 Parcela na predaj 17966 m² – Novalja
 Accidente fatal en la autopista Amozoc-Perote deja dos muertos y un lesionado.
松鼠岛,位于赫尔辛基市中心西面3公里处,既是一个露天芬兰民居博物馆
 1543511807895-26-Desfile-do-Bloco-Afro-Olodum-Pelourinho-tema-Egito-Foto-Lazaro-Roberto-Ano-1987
********************
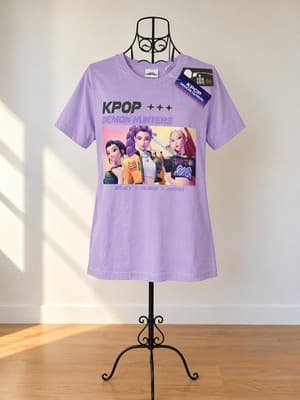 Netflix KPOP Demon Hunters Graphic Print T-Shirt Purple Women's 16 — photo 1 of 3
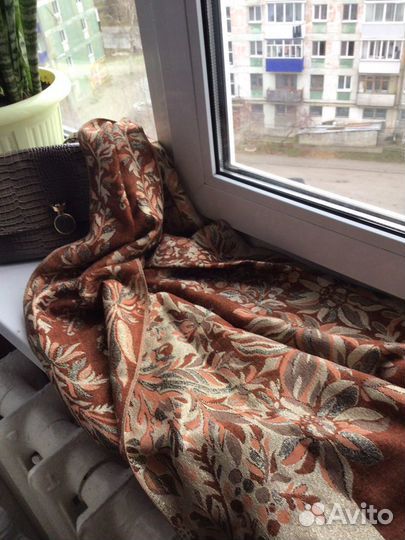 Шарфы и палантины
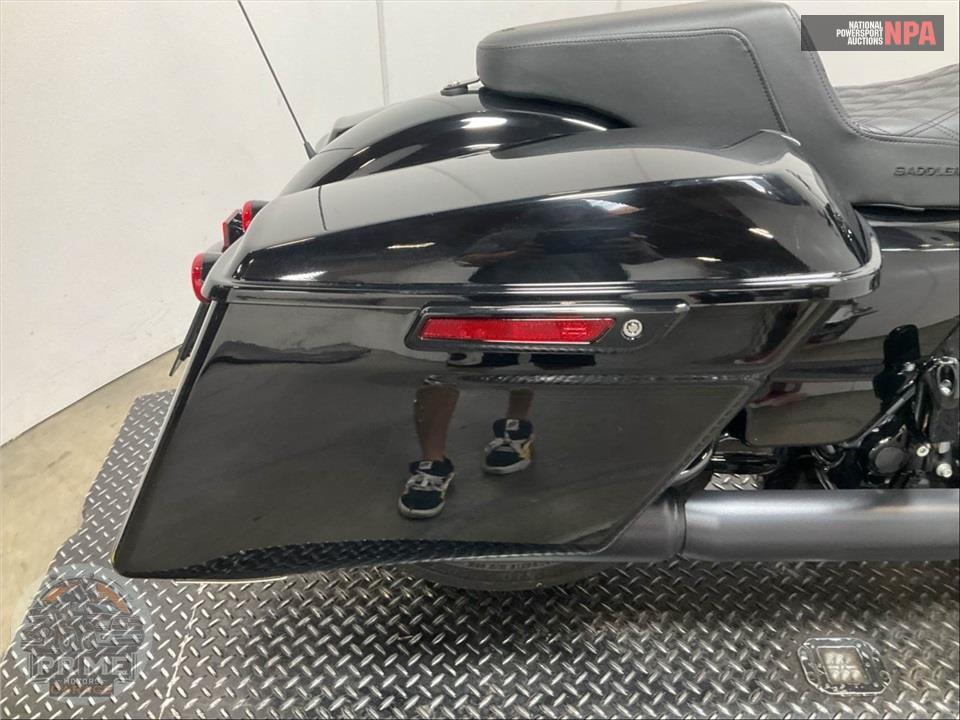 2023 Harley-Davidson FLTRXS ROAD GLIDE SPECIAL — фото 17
********************
ACTION ITEM: Could you output exactly the lines above, from the line with "Netflix KPOP Demon" up to and including the line with "2023 Harley-Davidson FLTRXS", and nothing else, skipping the pictures?

FINAL ANSWER:
 Netflix KPOP Demon Hunters Graphic Print T-Shirt Purple Women's 16 — photo 1 of 3
 Шарфы и палантины
 2023 Harley-Davidson FLTRXS ROAD GLIDE SPECIAL — фото 17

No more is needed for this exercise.